TASK BRIEF:
With pictures left out, set down exactly the lines that begin at the one containing "Ecotact Green Coffee Storage Bag" and end with the last line of the entries below.

*** SOURCE INFORMATION Section Begins ***

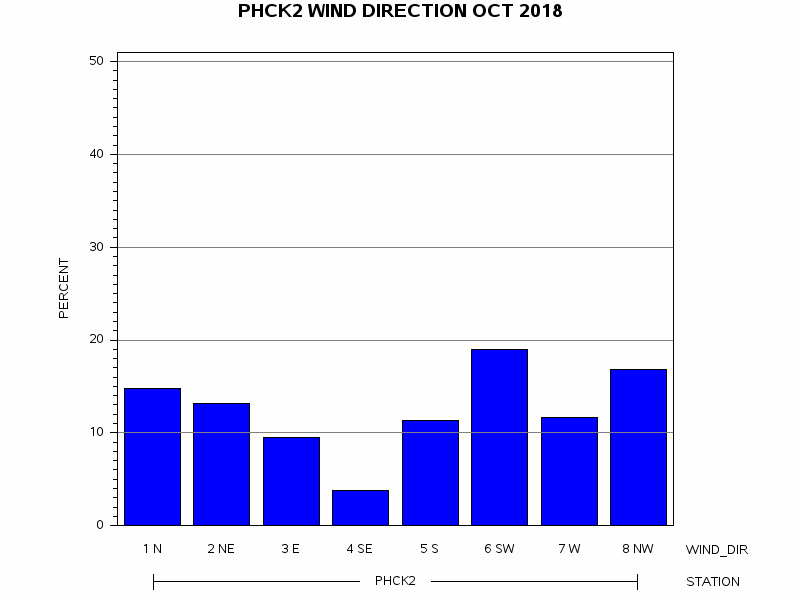 WINDDgraph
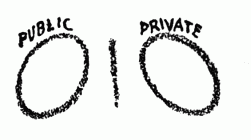 public vs. private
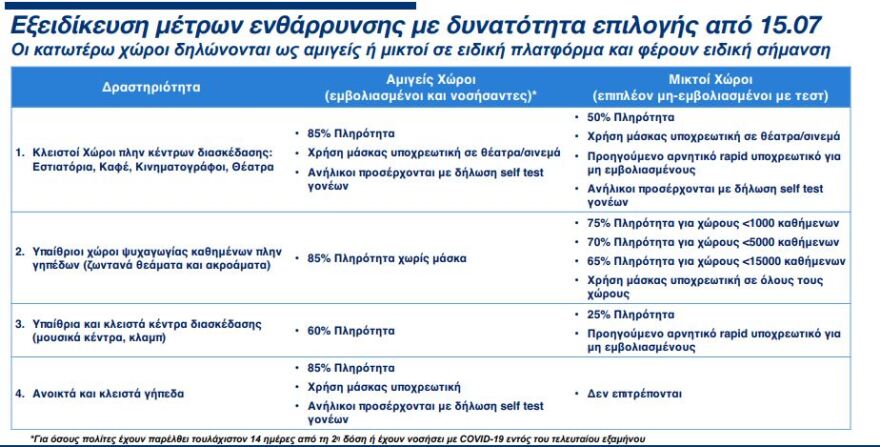 «Διευκολύνσεις» για εμβολιασμένους: Αμιγείς και μεικτοί χώροι στη διασκέδαση από 15 Ιουλίου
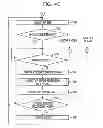 Fig. 41 - Display control method and device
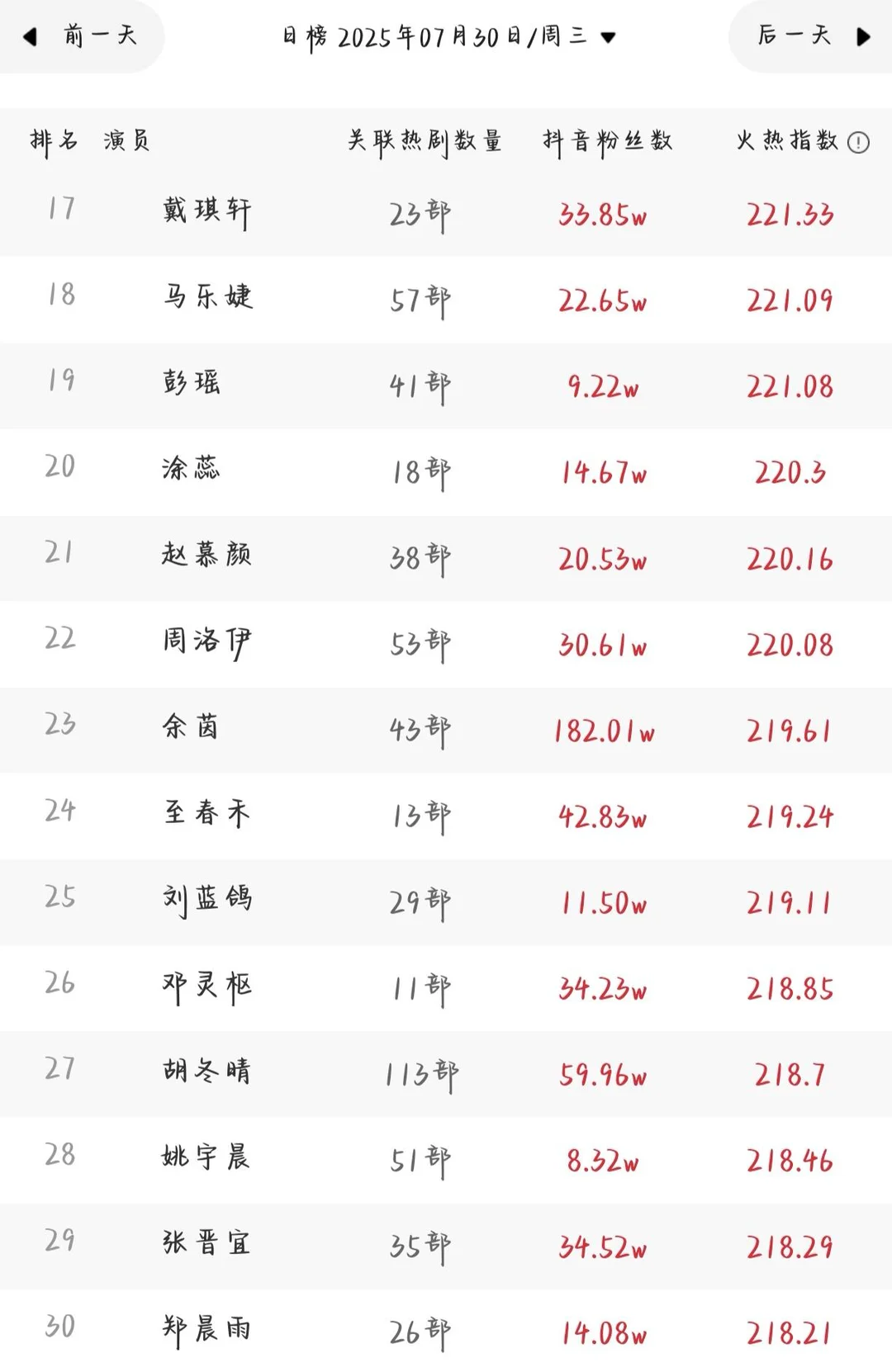 7.29＋7.30短剧女演员排行榜对比✅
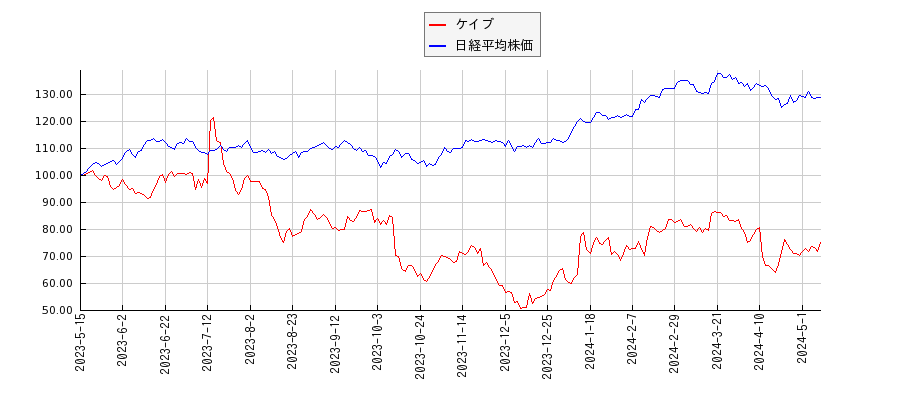 ケイブと日経平均株価のパフォーマンス比較チャート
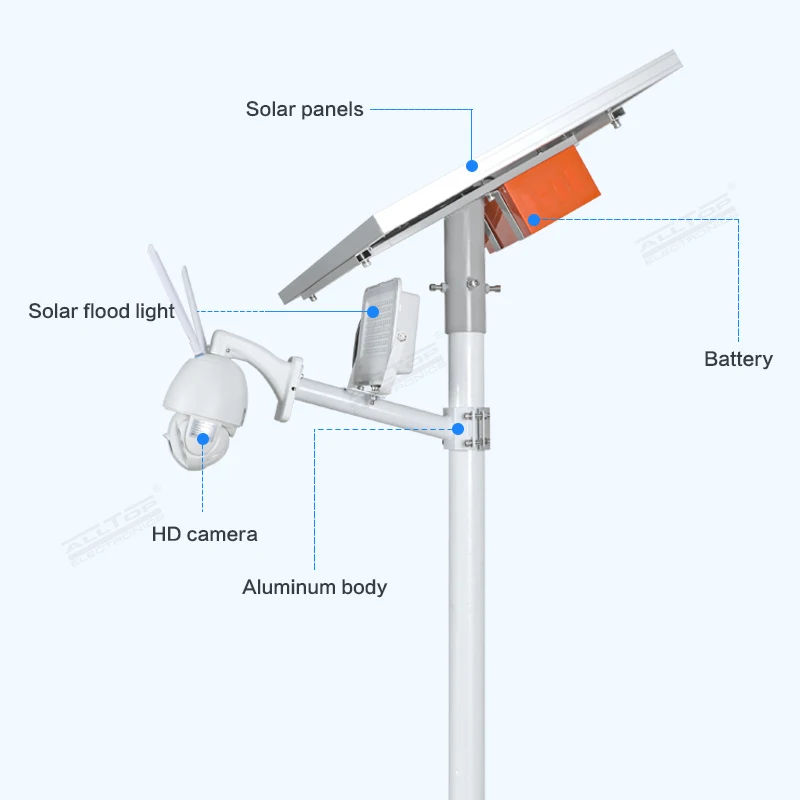 ALLTOP новый дизайн 1080P wifi cctv наружный Солнечный прожектор с камерой
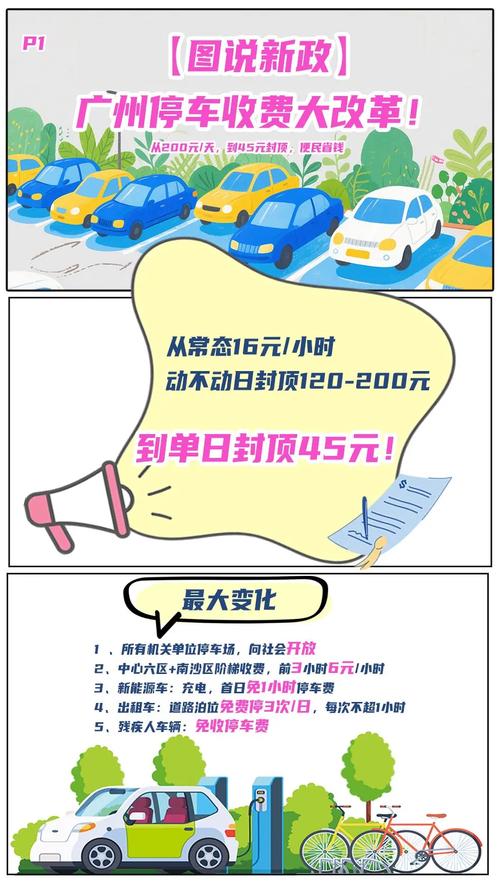 车主拒交权避坑技巧_北京停车管理员需要先交押金吗?_2026年全国路边停车费新规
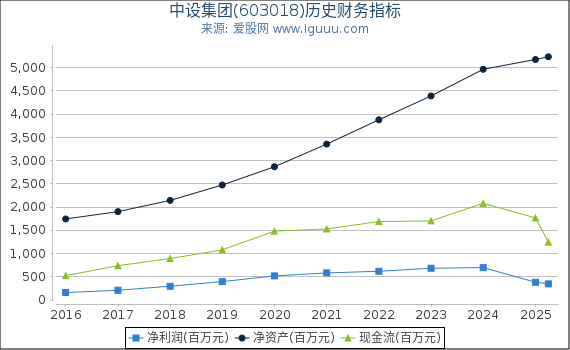 中设集团(603018)股东权益比率、固定资产比率等历史财务指标图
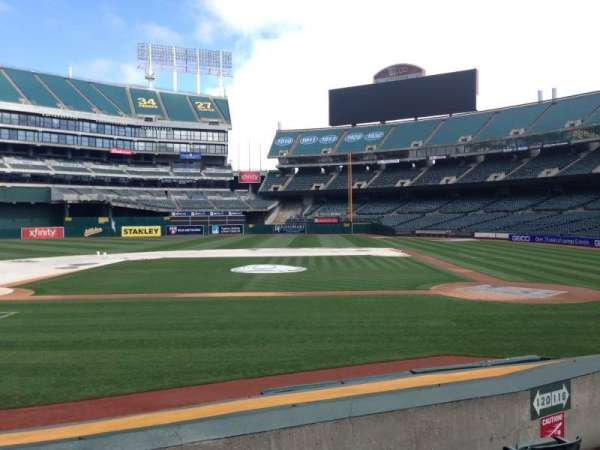 Oakland Coliseum, section: 120, row: 8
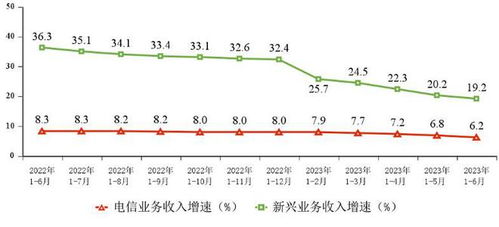 上半年電信業(yè)務收入同比增長6.2%，增值電信業(yè)務成主要驅動力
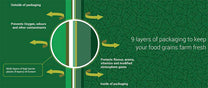 Ecotact Green Coffee Storage Bag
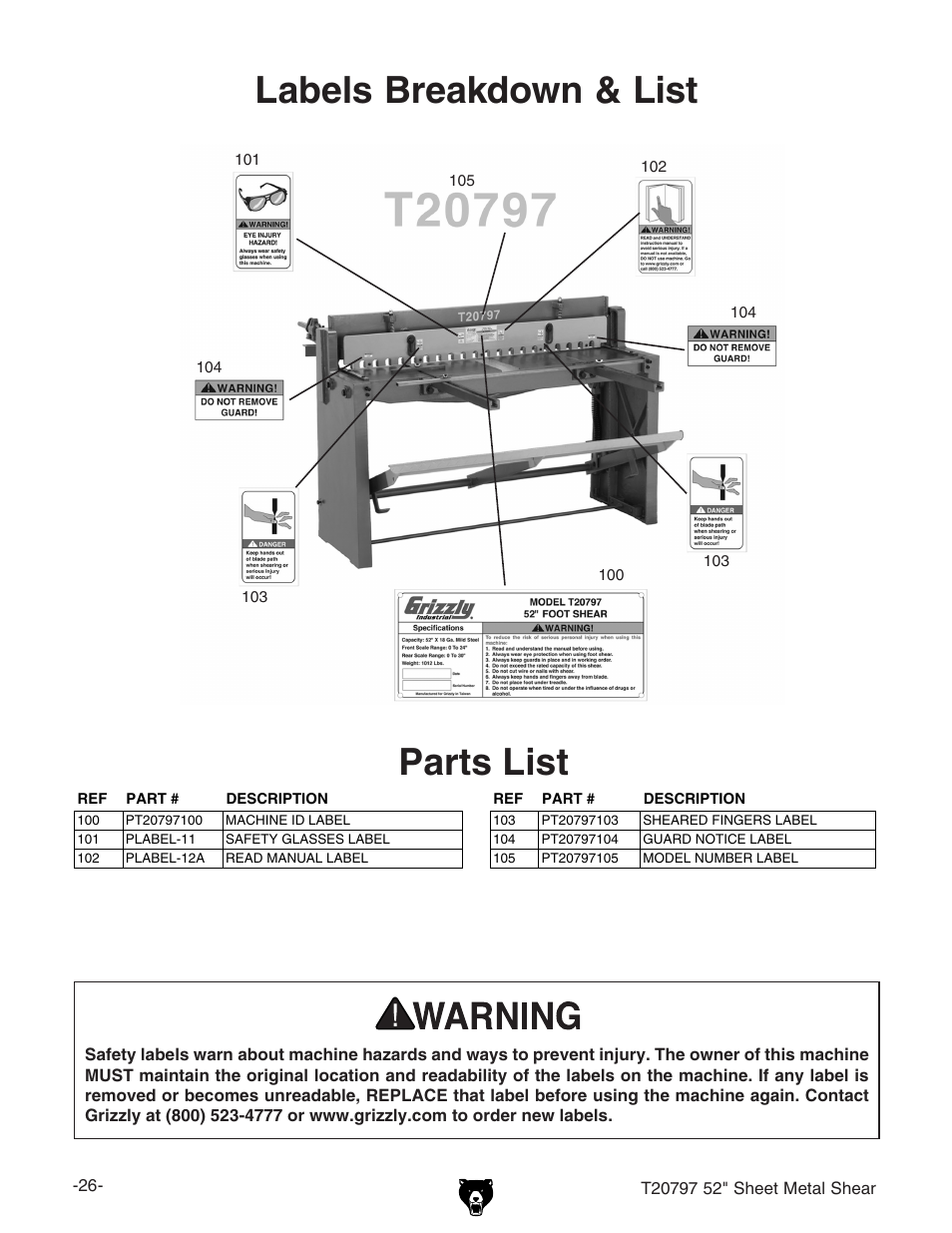 Labels breakdown & list, Parts list | Grizzly Foot Shear T20797 User Manual | Page 4 / 4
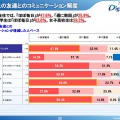 ネット上の友達とのコミュニケーション頻度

*** SOURCE INFORMATION Section Ends ***

RESULT:
 Ecotact Green Coffee Storage Bag
 Labels breakdown & list, Parts list | Grizzly Foot Shear T20797 User Manual | Page 4 / 4
 ネット上の友達とのコミュニケーション頻度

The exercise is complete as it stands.